=== Exercise material ===
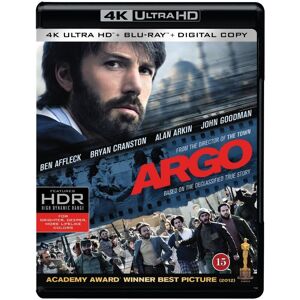 Argo (4K Ultra HD + Blu-ray)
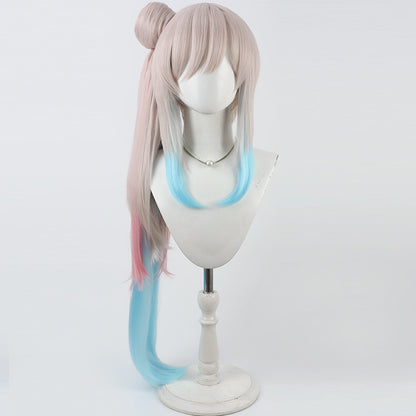 Cosplay Wigs Airani Iofifteen Virtual Streamer Hololive VTuber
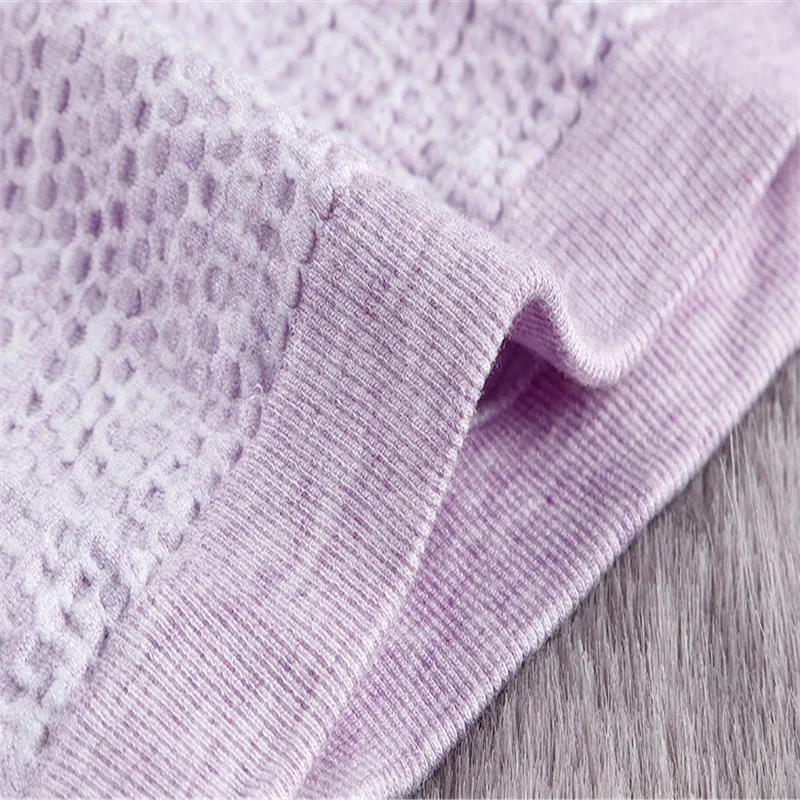 3D honeycomb seamless women underwear massage high elastic cotton file breathable waist hip ladies panties with lace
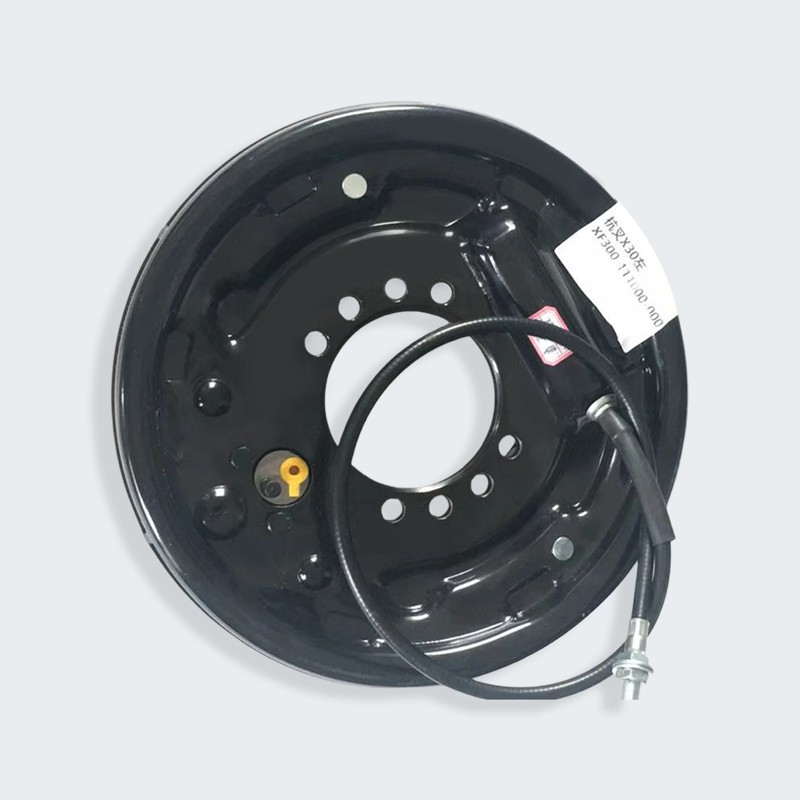 X30 Hangcha forklift 3 tan pemasangan brek kiri X30 Hangcha forklift 3 tan pemasangan brek kiri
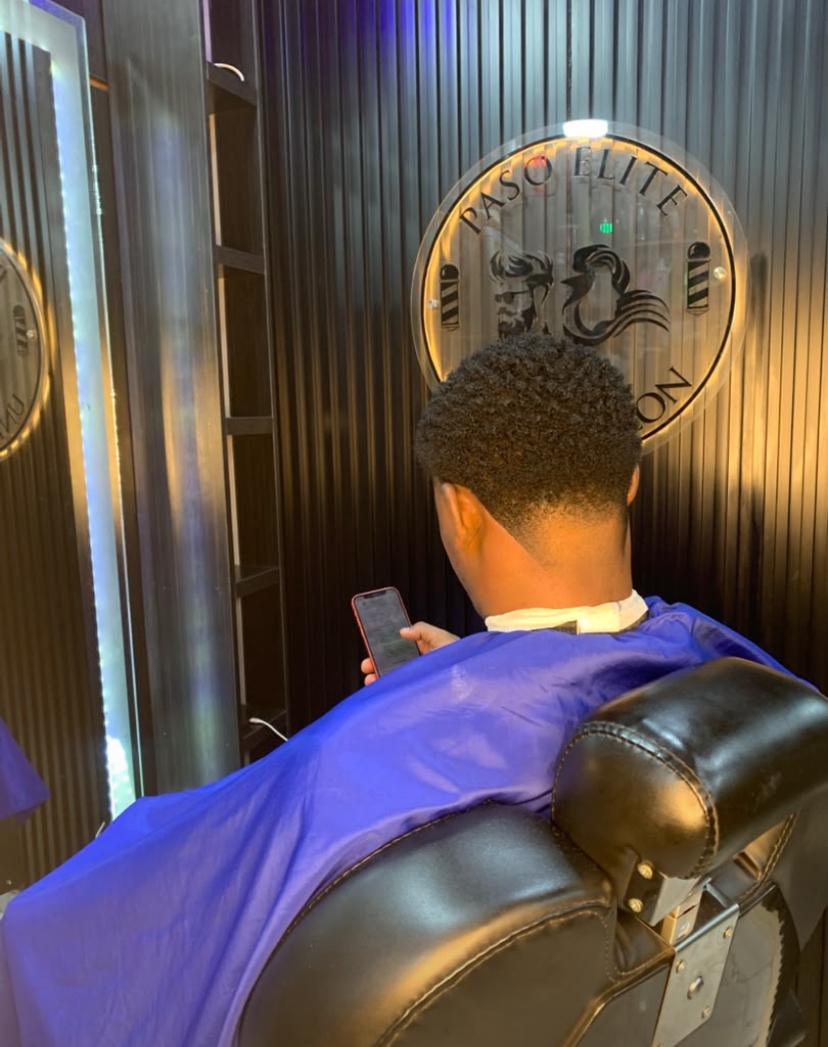 Executive Low Taper Fade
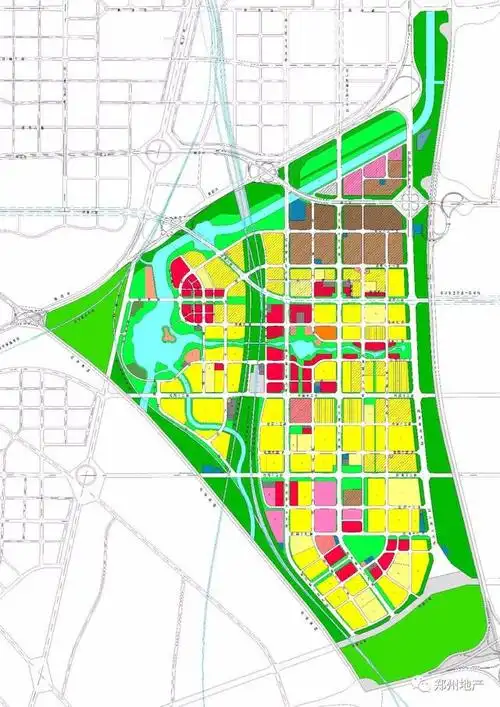 滨河国际新城强手如林,谁能脱颖而出?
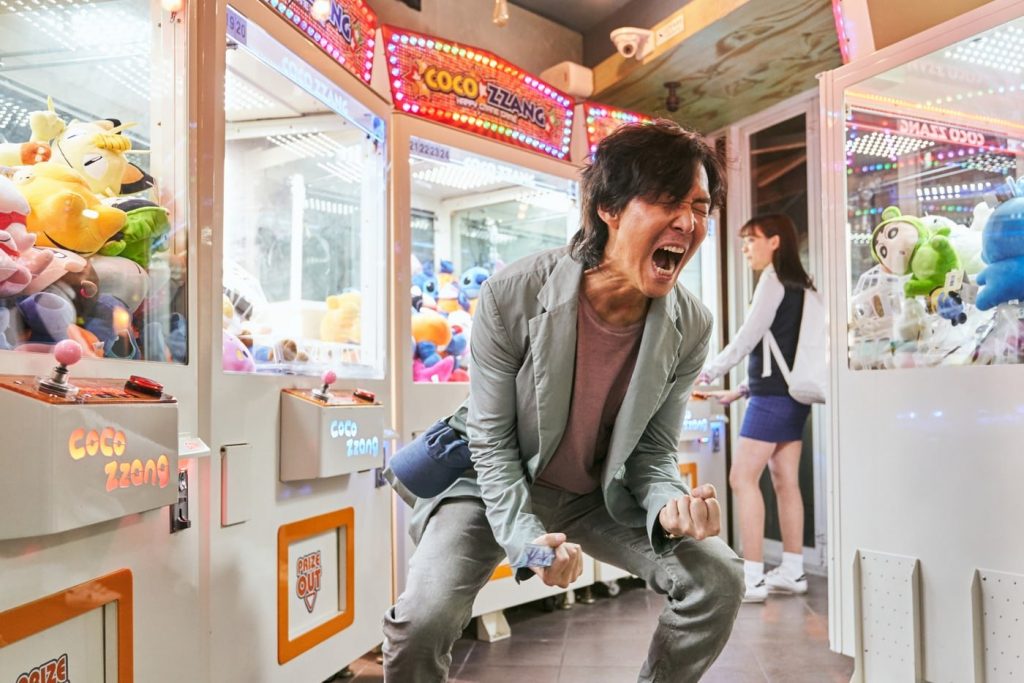 Demystifying the behind-the-scenes shooting of the hot Korean drama "Squid Game"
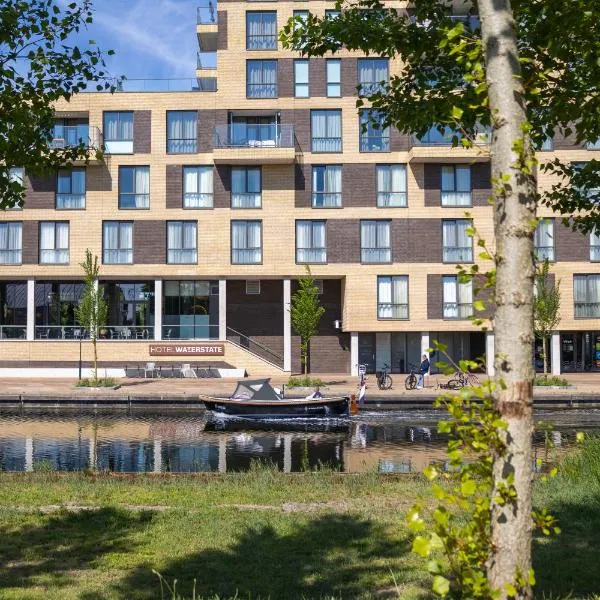 Waterstate Wellness hotel Goes, ξενοδοχείο σε Goes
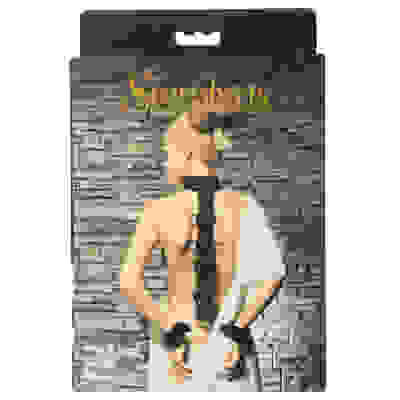 Neck and Wrist Restraint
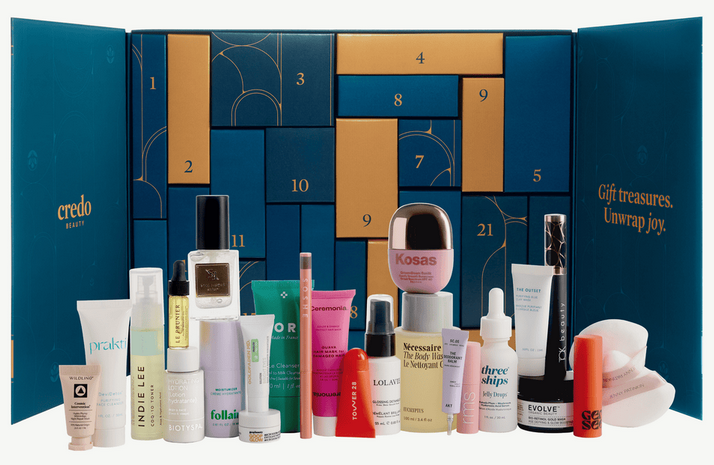 Credo Beauty Advent Calendar 2025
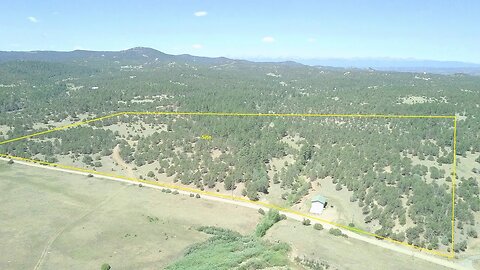 35 Acres, New Site, Power, Close to Town in Coveted Canyon Near State Lake, & Owner Fi!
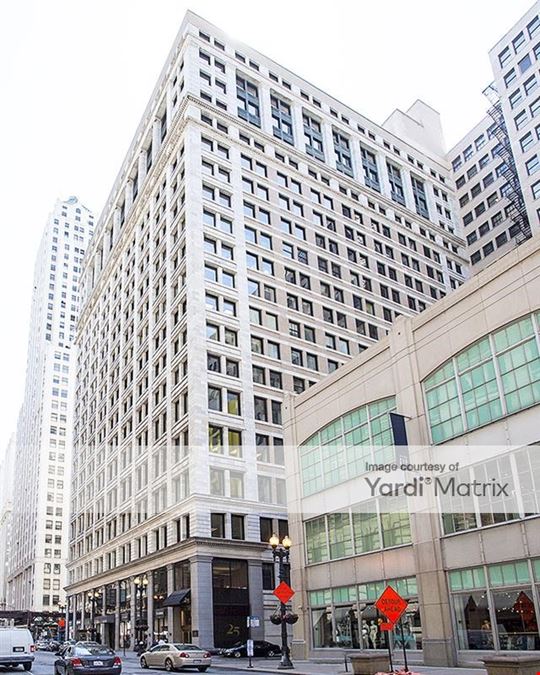 25 East Washington Street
===
_Problem_
Please print all of the records above exactly, omitting each picture.

_Answer below_
 Argo (4K Ultra HD + Blu-ray)
 Cosplay Wigs Airani Iofifteen Virtual Streamer Hololive VTuber
 3D honeycomb seamless women underwear massage high elastic cotton file breathable waist hip ladies panties with lace
 X30 Hangcha forklift 3 tan pemasangan brek kiri X30 Hangcha forklift 3 tan pemasangan brek kiri
 Executive Low Taper Fade
 滨河国际新城强手如林,谁能脱颖而出?
 Demystifying the behind-the-scenes shooting of the hot Korean drama "Squid Game"
 Waterstate Wellness hotel Goes, ξενοδοχείο σε Goes
 Neck and Wrist Restraint
 Credo Beauty Advent Calendar 2025
 35 Acres, New Site, Power, Close to Town in Coveted Canyon Near State Lake, & Owner Fi!
 25 East Washington Street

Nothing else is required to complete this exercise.